X3J13 voted in March 1989 (CHARACTER-PROPOSAL)
to approve the following definitions and terminology for use in
discussing character facilities in Common Lisp.
A character repertoire defines a collection of characters independent of their specific rendered image or font. (This corresponds to the mathematical notion of a set, but the term character set is avoided here because it has been used in the past to mean both what is here called a repertoire and what is here called a coded character set.) Character repertoires are specified independent of coding and their characters are identified only with a unique character label, a graphic symbol, and a character description. As an example, table 13-1 shows the character labels, graphic symbols, and character descriptions for all of the characters in the repertoire standard-char except for #\Space and #\Newline.
Every Common Lisp implementation must support the standard character repertoire as well as repertoires named base-character, extended-character, and character. Other repertoires may be supported as well. X3J13 voted in June 1989 (MORE-CHARACTER-PROPOSAL) to specify that names of repertoires may be used as type specifiers. Such types must be subtypes of character; that is, in a given implementation the repertoire named character must encompass all the character objects supported by that implementation.

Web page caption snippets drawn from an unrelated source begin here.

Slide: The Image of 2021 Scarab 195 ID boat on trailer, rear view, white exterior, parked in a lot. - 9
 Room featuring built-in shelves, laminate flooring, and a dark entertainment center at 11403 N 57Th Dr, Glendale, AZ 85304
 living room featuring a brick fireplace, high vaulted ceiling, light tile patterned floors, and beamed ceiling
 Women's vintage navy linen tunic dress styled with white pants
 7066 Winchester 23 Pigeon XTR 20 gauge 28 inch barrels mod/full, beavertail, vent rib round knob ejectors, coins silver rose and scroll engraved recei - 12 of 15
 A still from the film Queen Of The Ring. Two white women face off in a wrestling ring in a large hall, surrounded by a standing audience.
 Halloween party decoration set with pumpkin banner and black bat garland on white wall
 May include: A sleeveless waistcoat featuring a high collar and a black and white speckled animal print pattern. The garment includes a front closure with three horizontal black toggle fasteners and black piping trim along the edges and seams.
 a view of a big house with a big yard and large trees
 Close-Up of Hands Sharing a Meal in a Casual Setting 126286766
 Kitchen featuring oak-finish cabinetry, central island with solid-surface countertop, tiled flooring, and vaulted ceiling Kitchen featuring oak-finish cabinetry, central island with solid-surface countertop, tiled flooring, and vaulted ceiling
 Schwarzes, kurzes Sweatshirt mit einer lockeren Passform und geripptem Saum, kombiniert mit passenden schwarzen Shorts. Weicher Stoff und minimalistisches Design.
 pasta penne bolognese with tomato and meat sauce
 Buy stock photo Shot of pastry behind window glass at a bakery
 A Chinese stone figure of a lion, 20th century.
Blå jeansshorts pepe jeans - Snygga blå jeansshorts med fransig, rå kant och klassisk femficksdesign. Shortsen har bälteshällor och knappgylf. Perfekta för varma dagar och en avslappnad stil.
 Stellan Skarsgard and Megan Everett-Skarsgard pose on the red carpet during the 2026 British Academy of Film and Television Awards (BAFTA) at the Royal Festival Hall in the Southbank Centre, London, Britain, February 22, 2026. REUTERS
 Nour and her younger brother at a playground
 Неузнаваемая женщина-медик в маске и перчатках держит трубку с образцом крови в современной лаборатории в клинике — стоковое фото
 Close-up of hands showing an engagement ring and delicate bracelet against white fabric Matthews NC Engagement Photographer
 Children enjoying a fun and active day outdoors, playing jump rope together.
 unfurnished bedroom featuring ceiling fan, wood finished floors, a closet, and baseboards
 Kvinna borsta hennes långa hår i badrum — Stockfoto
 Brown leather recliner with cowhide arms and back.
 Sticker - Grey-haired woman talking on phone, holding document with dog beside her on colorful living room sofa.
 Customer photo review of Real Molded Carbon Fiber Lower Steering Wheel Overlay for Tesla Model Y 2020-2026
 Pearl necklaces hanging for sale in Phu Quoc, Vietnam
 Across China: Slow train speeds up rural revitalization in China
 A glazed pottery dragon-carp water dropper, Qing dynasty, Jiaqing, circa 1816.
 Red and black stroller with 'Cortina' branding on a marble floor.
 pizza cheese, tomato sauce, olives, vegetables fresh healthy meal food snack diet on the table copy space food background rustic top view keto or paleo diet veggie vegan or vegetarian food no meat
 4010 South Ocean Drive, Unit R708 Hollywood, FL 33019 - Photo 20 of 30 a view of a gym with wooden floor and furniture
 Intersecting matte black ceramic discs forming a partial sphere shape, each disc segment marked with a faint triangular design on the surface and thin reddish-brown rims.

A coded character set is a character repertoire plus an encoding that provides a bijective mapping between each character in the set and a number (typically a non-negative integer) that serves as the character representation. There are numerous internationally standardized coded character sets.
A character may be included in one or more character repertoires. Similarly, a character may be included in one or more coded character sets.
To ensure that each character is uniquely defined, we may use a universal registry of characters that incorporates a collection of distinguished repertoires called character scripts that form an exhaustive partition of all characters. That is, each character is included in exactly one character script. (Draft ISO 10646 Coded Character Set Standard, if eventually approved as a standard, may become the practical realization of this universal registry.)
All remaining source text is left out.